Ecological time, on the other hand, allows for complexity – which is pretty essential in a model of how time works once we consider just how infinitely complex causality is (any lay or professional students of chaotic systems in the Elhaz readership? I really recommend James Gleick’s introductory book on the subject, it will teach you a lot about wyrd).

The ecological model of time articulated in this mythic portrait of well(s) and tree requires one other element to be fully rounded out. Since every being, object, entity is nourished by water from the well, every single thing might be regarded as sacred, magical, perhaps even as conscious.

At the same time as being utterly unique and magical, however, this flow of water and memory binds the cosmos together. At the heart of this model of Germanic cosmology – it seems to me anyway – is the classic insight that all things are interconnected and one, and yet at the same time different, separate and irreplaceably unique.

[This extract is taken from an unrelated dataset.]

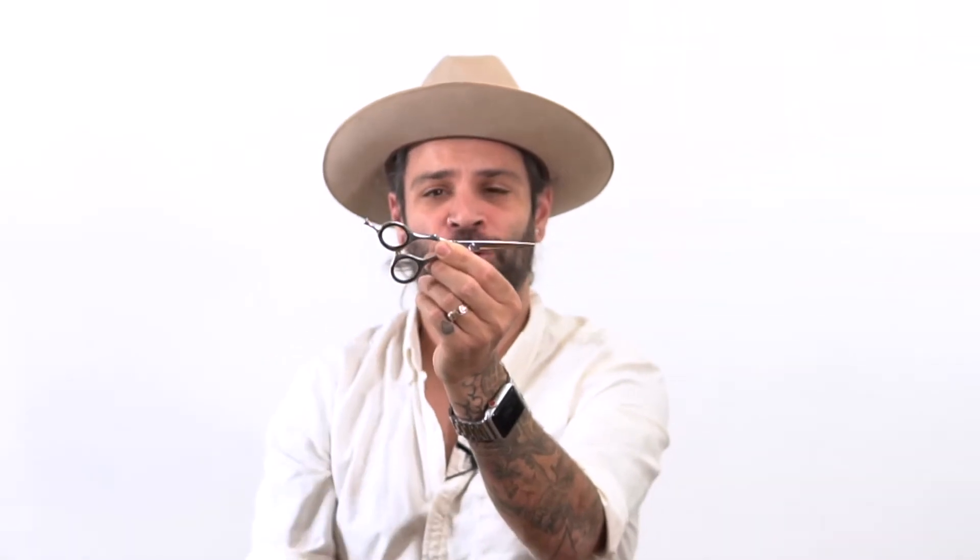These are a five inch straight blade scissor. They're an offset scissor, which means the blade and the tang are more in line rather than being a standard shear where this is up. I use these because they're more ergonomically comfortable. It also has this little holder to rest my fingers in and helps me maneuver that blade a little bit more. The small blade size allows me to get into tight areas like the nape, around the ears and sideburns.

This delicate dance between interconnection and particularity runs as a motif throughout Germanic mythology. Often particular events in the myths seem at first to be isolated and particular – yet can have consequences that reach out across the worlds. Similarly, the gods play out their grand schemes through the immediate circumstances their followers must live.

This model of cosmology also offers a richer understanding of the Germanic notion of holy/unholy. The word “holy” has its origin in the notion of “wholeness”. It did not originally connate Christian separateness. It instead connoted a quality of being complete, well-rounded, healthy, fertile even. When something is bursting with life and breath it is holy.

Combining this with the notion that the waters of memory flow through all things – it would seem that what makes something holy is that it has a strong current of memory or wyrd flowing through it. Perhaps this is what having good ørlög means – or indeed what it is to have good luck or a strong hamingja.

Conversely to have poor luck, or to be unholy, simply means that a being is more or less cut off from the flow of waters. Perhaps its current is occluded or blocked or pinched. This might happen in any number of ways. By way of analogy: when we manage the environment in linear, instrumental and non-ecologically minded ways it becomes barren and lifeless.

If we adopt this interpretation of Germanic cosmology (and I have found no more complete, deep or thorough interpretation) then we are left facing a number of challenges and questions.

Most importantly, this view of Germanic cosmology forces a great deal of reassessment. Many heathens I have met in my time have adopted – to greater or lesser extent – the trappings of tradition without actually going into themselves and developing a different kind of experience of the world, a different consciousness.

As such they still see the world in a more or less linear (or sometimes circular) way. I do not consider that such individuals are truly heathen, regardless of how long their beards are or how many swords they own. They’re little better than tourists or hypocrites. Such people often seem to be very convinced of their own deep heathenry. How ironic.

I am going to spend a few journal entries exploring some dimensions of this reassessment, with an orientation towards practical things you can do to explore and experience the world through the doors of this metaphor, this myth, of well and tree.